Business

Holcomb and Raimondo Launch RAISE US to Help Workers Adapt to AI Economy

A new national nonprofit led by former Indiana Gov. Eric Holcomb and former Commerce Secretary Gina Raimondo says it has secured more than $500 million to test workforce programs for an AI-driven economy.

By Avery Coleman · June 26, 2026
Email Reporter
Holcomb and Raimondo Launch RAISE US to Help Workers Adapt to AI Economy
CGN News / Cook Global News Network / Business / All Rights Reserved

WASHINGTON | Former Indiana Gov. Eric Holcomb and former U.S. Commerce Secretary Gina Raimondo have launched RAISE US, a national nonprofit aimed at helping workers, employers and states prepare for an economy increasingly shaped by artificial intelligence.

The organization says it has secured more than $500 million toward a larger funding target and will work with governors, companies, labor voices, educators and philanthropic partners to test workforce models that can be expanded if they help workers keep or find good jobs. The launch gives Holcomb, who served two terms as Indiana governor, a national role in one of the central economic questions facing states: how to respond if AI changes hiring, training and job security faster than existing workforce systems can adapt.

A workforce push built around states and employers

RAISE US says its work will focus on practical pilots rather than broad statements about technology. The organization plans to help states and employers test retraining incentives, career-navigation tools, transition supports and other models tied to actual labor-market demand. Its stated goal is not only to train workers for new tasks, but to evaluate which programs produce durable employment outcomes.

Initial work is expected to involve states including Arkansas, Connecticut, Maryland and Utah. The model reflects a state-level strategy: governors and local agencies often control workforce programs, community-college partnerships, economic-development incentives and unemployment systems, while employers control hiring needs and internal redeployment decisions. RAISE US is trying to connect those systems before AI disruption becomes more severe.

Why Holcomb matters to the story

Holcomb’s role gives the effort a direct Indiana connection even though the organization is national. During his time as governor, Indiana competed for advanced-manufacturing, logistics, life-sciences and technology investment while also navigating worker shortages and skills gaps. The AI transition raises a related but broader challenge: whether states can move workers into new roles quickly enough as employers adopt automation, generative AI tools and data-driven systems.

The group is also co-led by Raimondo, who as commerce secretary worked on industrial policy, technology competition and economic-development strategy. Together, the leadership structure gives RAISE US a bipartisan profile at a time when AI policy is being debated across business, education and government.

What is confirmed

RAISE US has publicly announced itself as a national, nonpartisan organization focused on helping the American workforce transition into an AI economy. The organization says it will partner with governors, employers, workers and training organizations; use private and philanthropic capital; and measure success by whether workers land and keep good jobs.

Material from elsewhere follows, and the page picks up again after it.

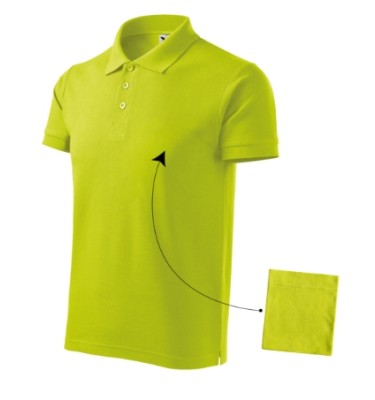Koszulka polo męska Cotton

Public reporting and the organization’s launch materials identify major technology and business supporters, including AI and technology companies, employers and philanthropic organizations. The effort is being framed as a response to the possibility that AI may reshape both blue-collar and white-collar work, requiring faster retraining, better career guidance and policy experiments that can be scaled beyond one company or one state.

What remains unclear

The long-term effect of RAISE US will depend on execution. It is not yet clear which pilot programs will become permanent, how funding will be allocated across states, how workers will be selected for programs, or how the organization will measure whether a worker’s job was protected, improved or replaced by a better opportunity.

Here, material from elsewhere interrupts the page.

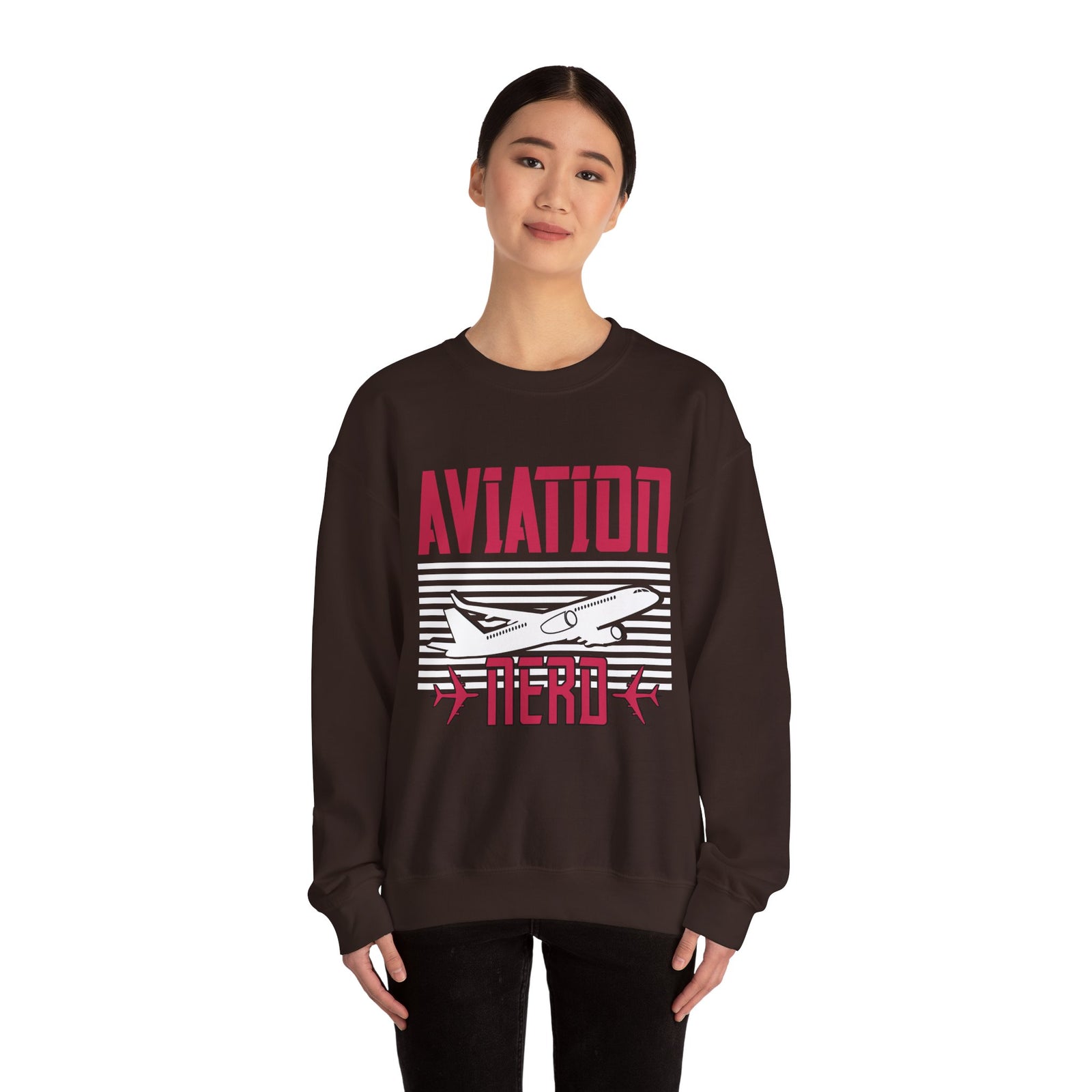 Aviation Nerd - Unisex Crewneck Sweatshirt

It is also too early to know whether employer-backed AI transition programs can reach workers before layoffs or restructuring occur. Many past workforce-development efforts have struggled when training did not match local hiring demand, when workers could not afford time away from paid work, or when credentials did not translate into better wages.

What to watch next

Readers should watch for the first state-level pilot details, employer participation agreements, public grant or philanthropic funding disclosures, and any early metrics on worker placement, wage retention, retraining completion and job durability. For Indiana readers, Holcomb’s involvement also raises a broader question: whether Indiana agencies, colleges, employers or workforce boards eventually become part of the initiative’s state-level work.

Additional Reporting By: RAISE US launch announcement via The Rockefeller Foundation; Associated Press; WTHR

What This Means

For readers, the immediate significance is that AI workforce policy is moving beyond general debate and into state-level pilot programs backed by major employers and philanthropic capital.

The Indiana connection is Holcomb’s leadership role. The practical question is whether programs like this can help workers keep stable jobs, move into better roles, or avoid being left behind as employers adopt AI faster than traditional workforce systems can respond.